Collection entries:
········
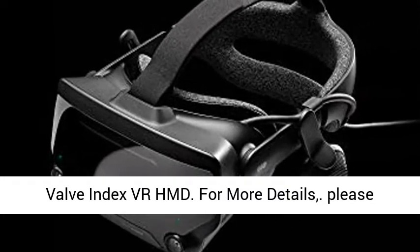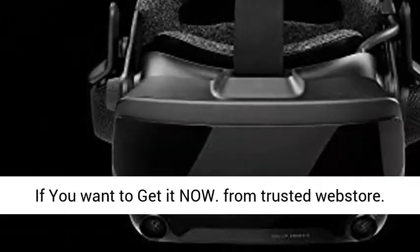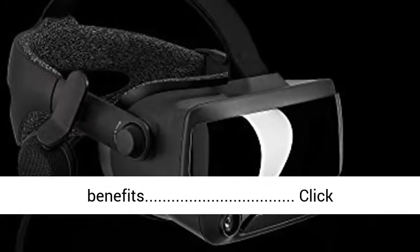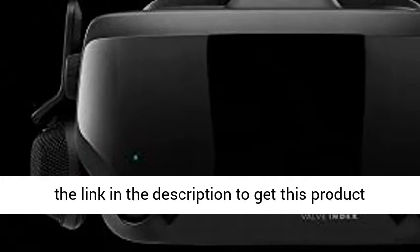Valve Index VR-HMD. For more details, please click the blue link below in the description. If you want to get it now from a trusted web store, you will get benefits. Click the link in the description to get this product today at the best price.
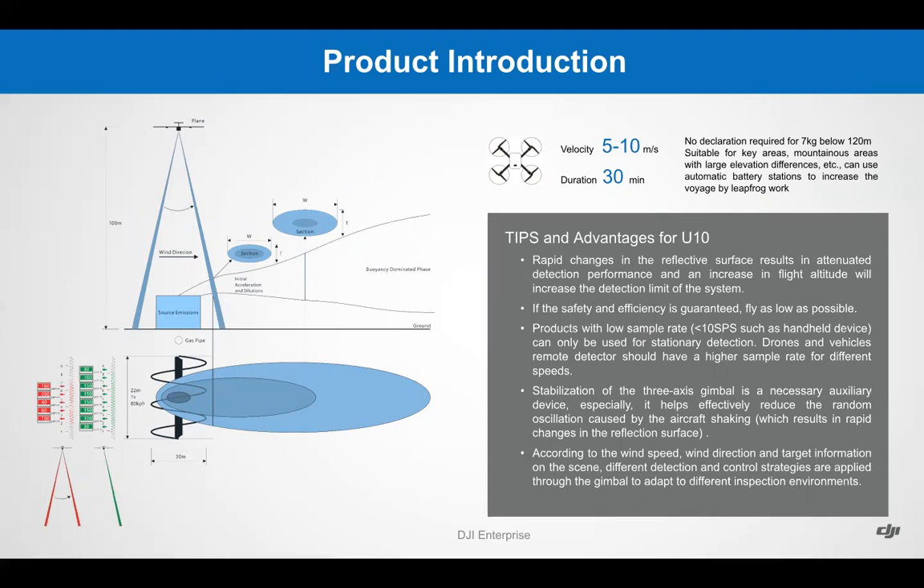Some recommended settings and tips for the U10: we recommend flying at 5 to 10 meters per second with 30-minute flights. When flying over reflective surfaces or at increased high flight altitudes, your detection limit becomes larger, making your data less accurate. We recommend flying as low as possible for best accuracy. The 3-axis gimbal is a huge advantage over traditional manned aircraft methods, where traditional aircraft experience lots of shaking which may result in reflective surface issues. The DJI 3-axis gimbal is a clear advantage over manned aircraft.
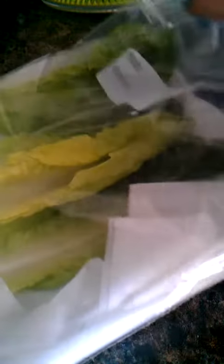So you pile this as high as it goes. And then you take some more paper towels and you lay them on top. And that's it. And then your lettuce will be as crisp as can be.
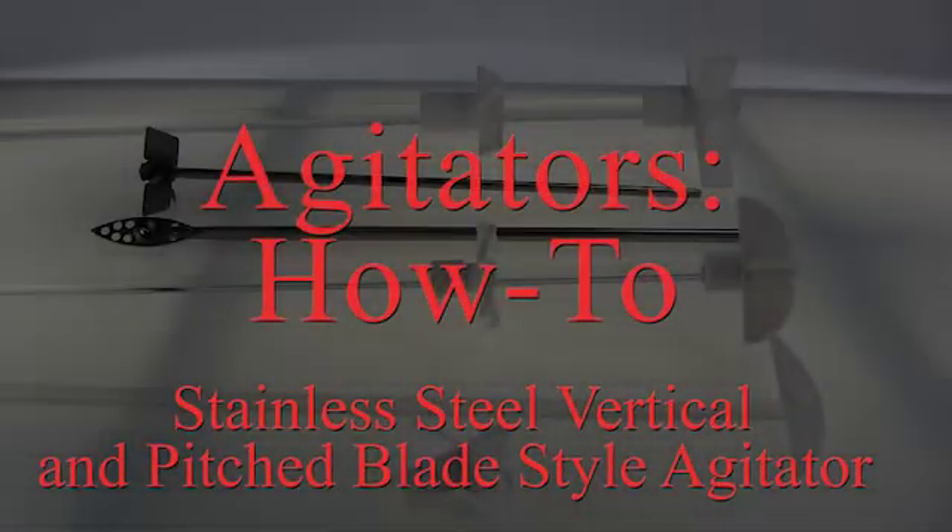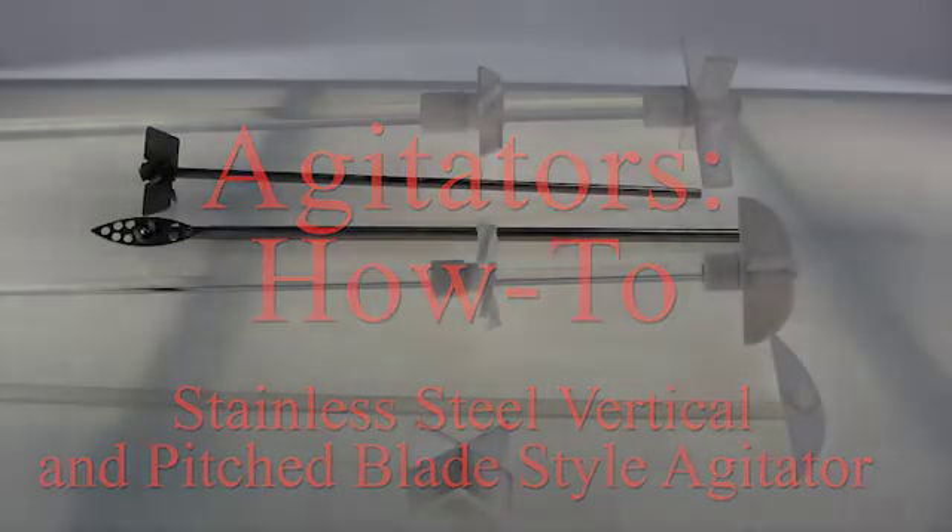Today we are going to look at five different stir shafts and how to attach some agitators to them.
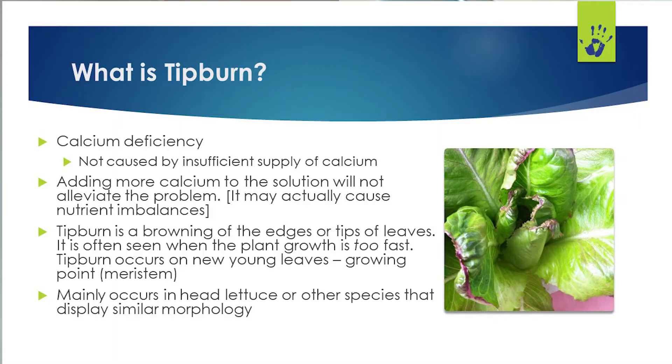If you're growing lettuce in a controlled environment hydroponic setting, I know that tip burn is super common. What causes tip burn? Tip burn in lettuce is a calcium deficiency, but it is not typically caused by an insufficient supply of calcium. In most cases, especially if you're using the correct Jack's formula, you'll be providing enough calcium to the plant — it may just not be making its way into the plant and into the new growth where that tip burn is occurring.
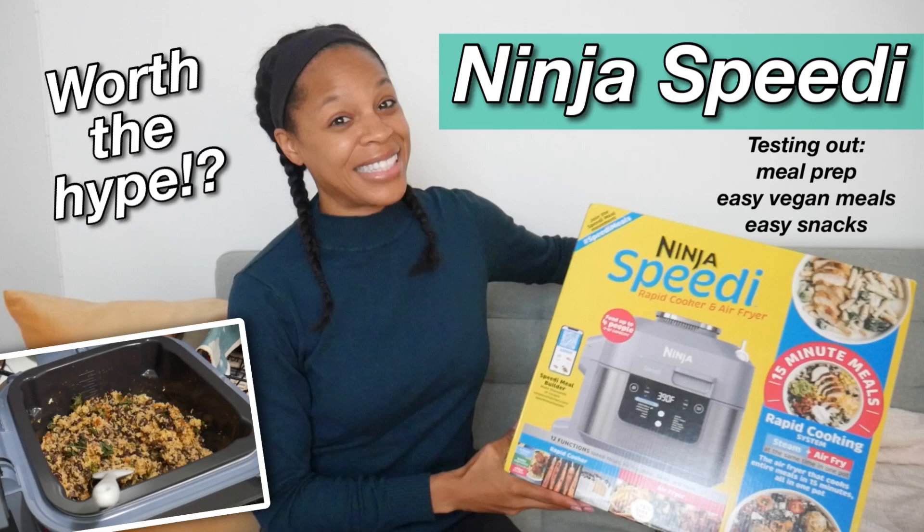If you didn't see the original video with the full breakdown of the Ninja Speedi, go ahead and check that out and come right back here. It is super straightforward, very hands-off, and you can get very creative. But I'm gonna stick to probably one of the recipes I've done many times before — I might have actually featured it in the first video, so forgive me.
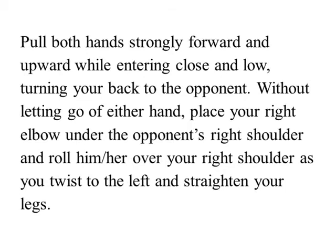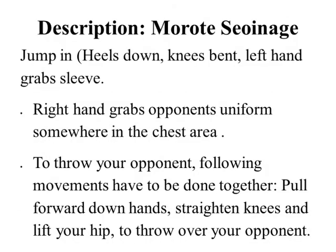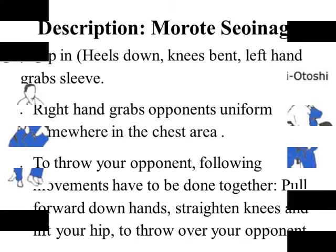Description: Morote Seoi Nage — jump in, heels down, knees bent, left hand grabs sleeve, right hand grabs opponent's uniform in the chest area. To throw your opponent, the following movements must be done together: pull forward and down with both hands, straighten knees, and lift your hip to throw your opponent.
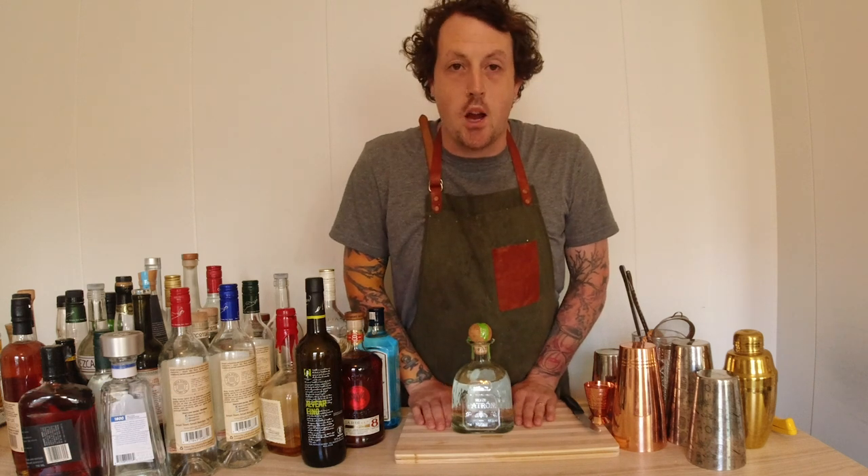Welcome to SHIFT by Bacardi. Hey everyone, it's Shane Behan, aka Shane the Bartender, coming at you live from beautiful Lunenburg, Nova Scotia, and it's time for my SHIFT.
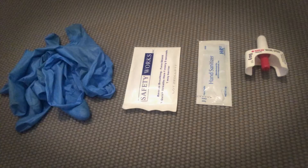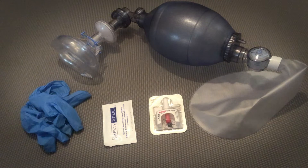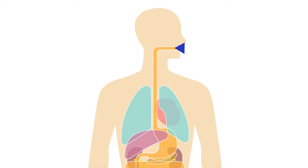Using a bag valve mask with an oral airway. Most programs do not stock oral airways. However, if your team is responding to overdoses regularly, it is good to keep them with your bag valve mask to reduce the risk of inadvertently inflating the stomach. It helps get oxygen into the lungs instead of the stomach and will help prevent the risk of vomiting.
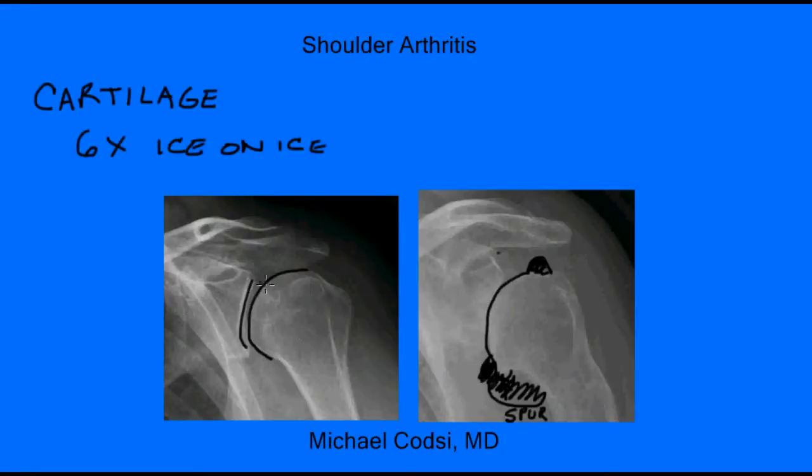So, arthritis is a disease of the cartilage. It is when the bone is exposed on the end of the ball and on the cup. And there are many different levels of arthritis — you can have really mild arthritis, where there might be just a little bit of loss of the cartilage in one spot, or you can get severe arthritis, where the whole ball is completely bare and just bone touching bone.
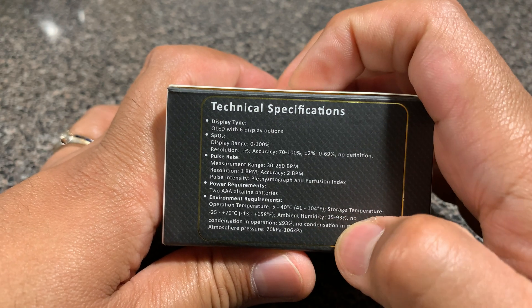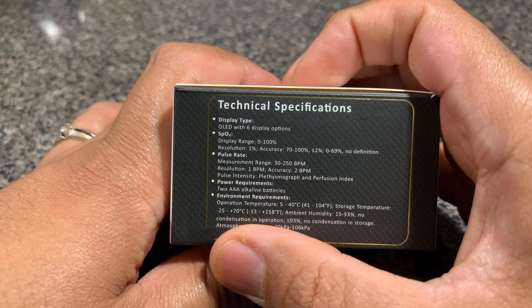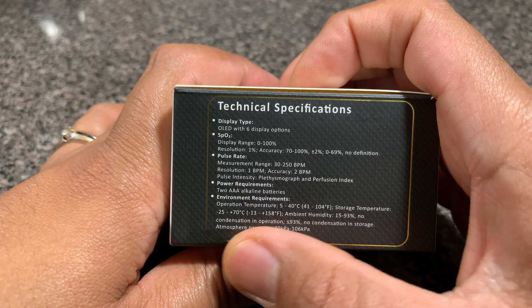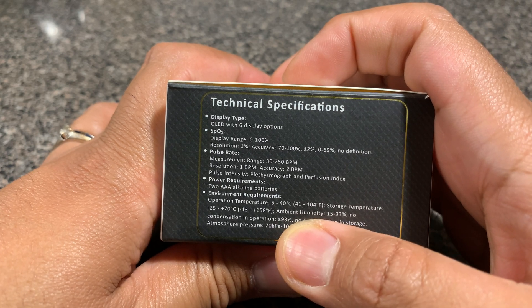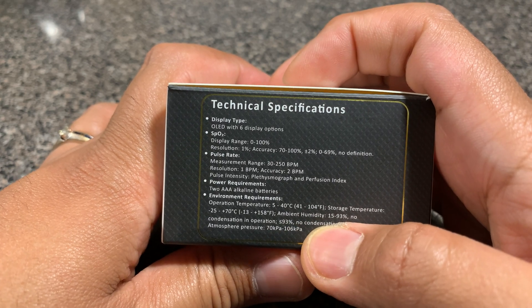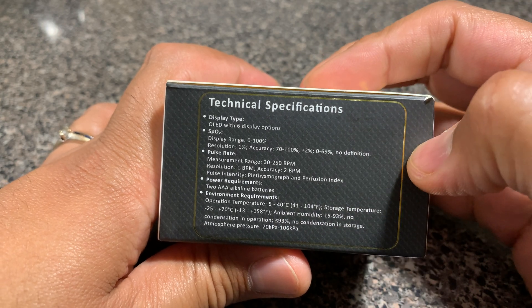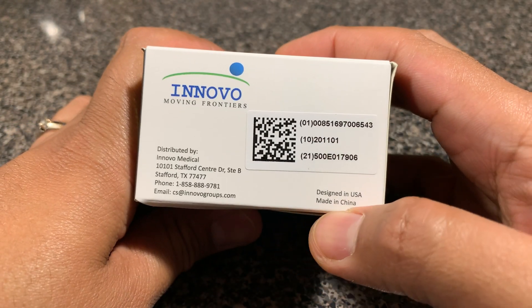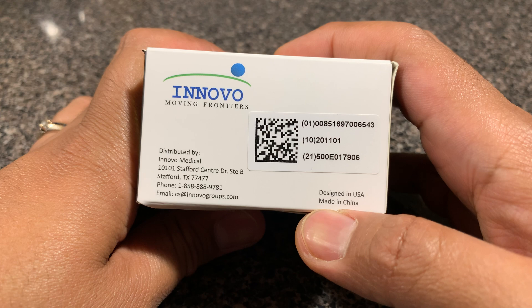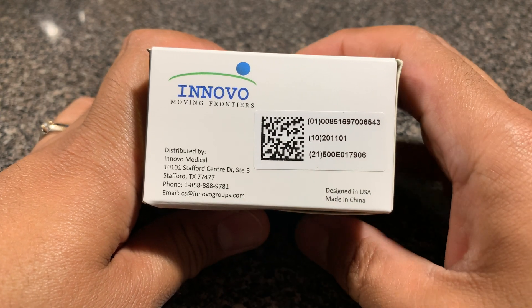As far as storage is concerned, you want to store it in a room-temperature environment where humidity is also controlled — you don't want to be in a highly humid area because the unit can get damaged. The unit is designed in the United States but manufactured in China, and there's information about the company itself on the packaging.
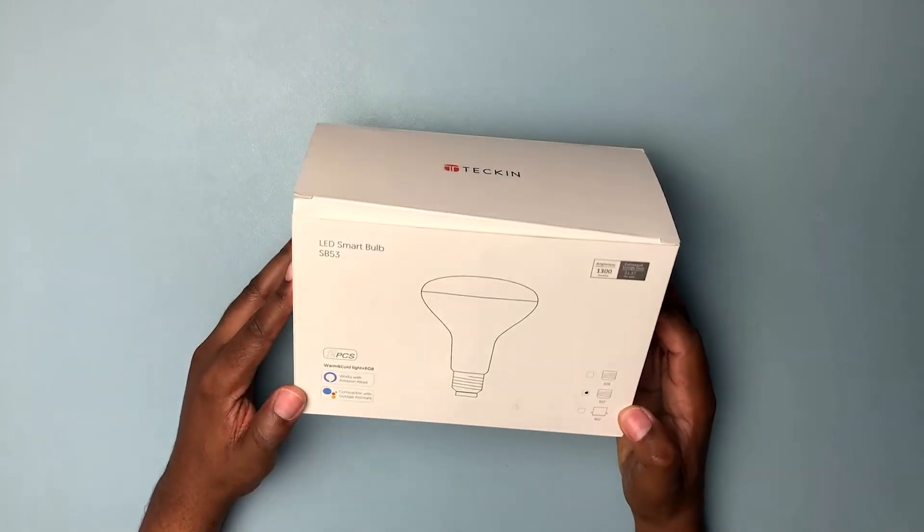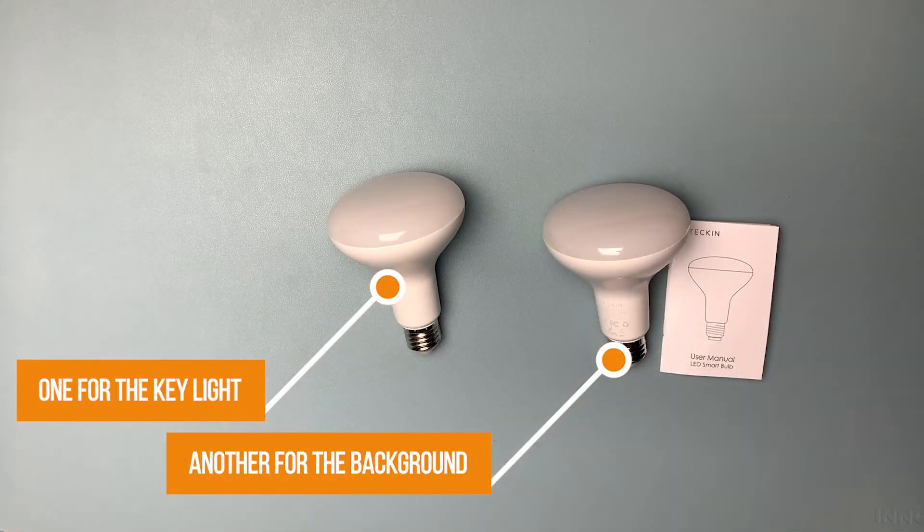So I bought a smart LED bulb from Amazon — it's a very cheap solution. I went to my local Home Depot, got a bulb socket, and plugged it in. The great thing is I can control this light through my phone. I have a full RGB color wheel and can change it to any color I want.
········
● **ASSIGNMENT**
Your copy should hold only the lines above from the one containing "If you didn't" through the one containing "Welcome to SHIFT", exactly as written and free of pictures.

● **WRITTEN RESPONSE**
If you didn't see the original video with the full breakdown of the Ninja Speedi, go ahead and check that out and come right back here. It is super straightforward, very hands-off, and you can get very creative. But I'm gonna stick to probably one of the recipes I've done many times before — I might have actually featured it in the first video, so forgive me.
Description: Morote Seoi Nage — jump in, heels down, knees bent, left hand grabs sleeve, right hand grabs opponent's uniform in the chest area. To throw your opponent, the following movements must be done together: pull forward and down with both hands, straighten knees, and lift your hip to throw your opponent.
Welcome to SHIFT by Bacardi. Hey everyone, it's Shane Behan, aka Shane the Bartender, coming at you live from beautiful Lunenburg, Nova Scotia, and it's time for my SHIFT.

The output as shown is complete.